Okay, I don't know how much this helps, but if you actually start with a transformer from day 0 (in TaskMonad), the way you can do it is:
data TaskMonad m a = TaskMonad (Environment -> m (TaskResult a, Environment)) deriving Functor
instance Monad m => Monad (TaskMonad m) where
return = pure
(TaskMonad f) >>= b = TaskMonad $ \e -> do
(TaskResult r, e') <- f e
let (TaskMonad g) = b r
g e'
instance (Monad m, Functor m) => Applicative (TaskMonad m) where
pure a = TaskMonad $ \e -> return (TaskResult a, e)
(TaskMonad f) <*> (TaskMonad g) = TaskMonad $ \e -> do
(TaskResult f', e') <- f e
(TaskResult a, e'') <- g e'
return (TaskResult (f' a), e'')
Probably there's also a way to do that the way you originally intended, but I am pretty sure original Task would also need to be changed to take initial Environment.
I presume you're actually doing more than State in your monad, so that would need to be put in respective instances, but I think the framework for that should help.
And of course, shall you ever need to use a non-transformer version, just pass in Identity for m.
Disclaimer:
I know this implemenation of Applicative instance doesn't make sense, but I was building that on old GHC w/o ApplicativeDo and it was literally the easiest thing to put the silly constraint there.
As described in #BartekBanachewicz's answer, putting the monad m inside -> is the way to go.
I believe it's not possible to do it the way you want by having m (TaskMonad a), at least not generically. In general monads aren't closed under composition and this is an example of such a situation.
Let me give a simplified example (some theory will be required for it): Let's work with the reader monad instead of the state monad, let's drop TaskResult and let's have the environment as a type parameter. So TaskMonad will be just m (r -> a). Now let's assume it's a monad, then there is
join :: m (r -> (m (r -> a))) -> m (r -> a)

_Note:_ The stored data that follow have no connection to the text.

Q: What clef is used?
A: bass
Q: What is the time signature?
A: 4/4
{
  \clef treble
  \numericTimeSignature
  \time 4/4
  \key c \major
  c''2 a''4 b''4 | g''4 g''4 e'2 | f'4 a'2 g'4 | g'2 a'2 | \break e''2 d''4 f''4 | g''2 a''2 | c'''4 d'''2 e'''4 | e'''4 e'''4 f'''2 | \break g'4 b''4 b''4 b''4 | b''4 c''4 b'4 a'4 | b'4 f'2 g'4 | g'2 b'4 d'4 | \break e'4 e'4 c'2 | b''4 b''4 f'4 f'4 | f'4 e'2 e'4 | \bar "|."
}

Specializing a to Void (see also Bottom type) and m to Either r we get
join :: Either r (r -> (Either r (r -> Void))) -> Either r (r -> Void)

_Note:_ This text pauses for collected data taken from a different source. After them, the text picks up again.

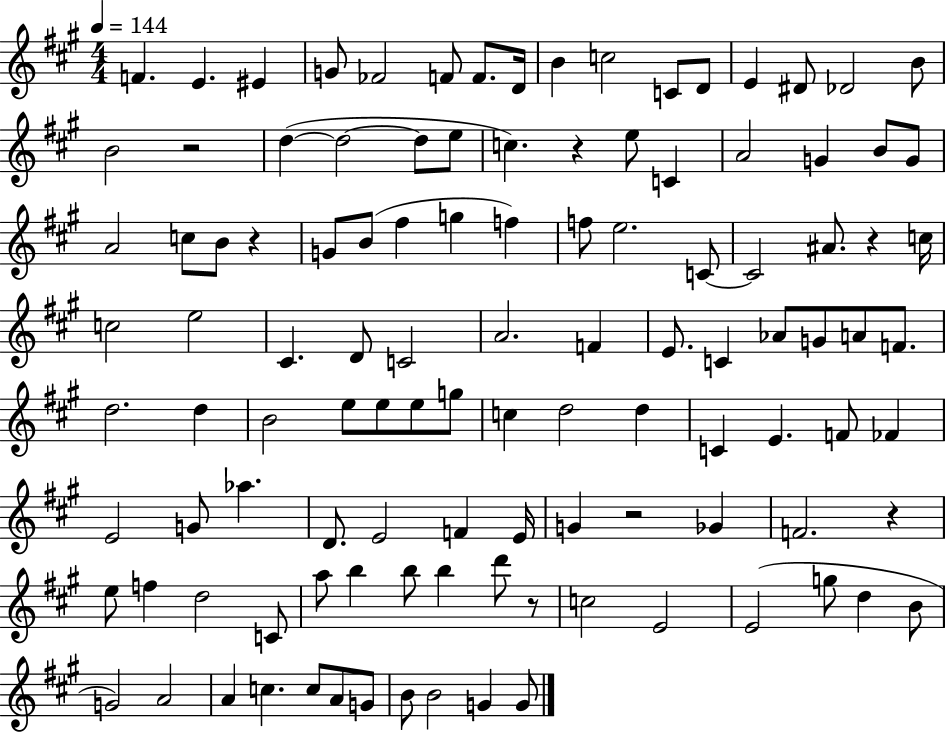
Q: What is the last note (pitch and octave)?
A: G4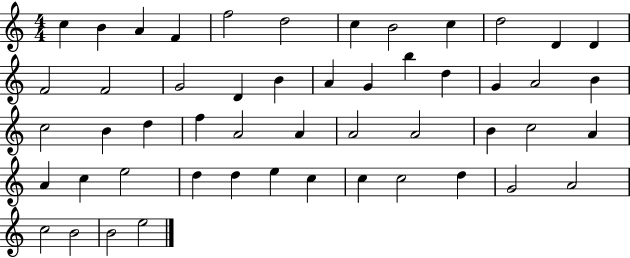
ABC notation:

X:1
T:Untitled
M:4/4
L:1/4
K:C
c B A F f2 d2 c B2 c d2 D D F2 F2 G2 D B A G b d G A2 B c2 B d f A2 A A2 A2 B c2 A A c e2 d d e c c c2 d G2 A2 c2 B2 B2 e2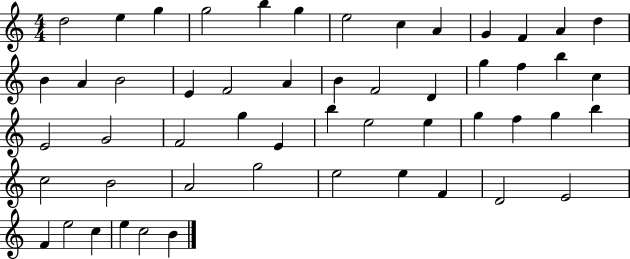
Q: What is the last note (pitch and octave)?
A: B4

But then we're able to construct
doubleNegationElimination :: Either r (r -> Void)
doubleNegationElimination = join (Right Left)
as Right Left :: Either r (r -> Either r (r -> Void)). Through Curry-Howard isomorphism this would mean that we'd be able to prove Double negation elimination
in intuitionistic logic, which is a contradiction.
Your situation is somewhat more complex, but a similar argument could be made there too. The only hole there is that we assumed that the "environment" part, r, was generic, so won't work if your join or >>= is somehow specific for Environment. So you might be able to do it in such a case, but my guess is you'll then encounter other problems preventing you to get a proper non-trivial Monad instance.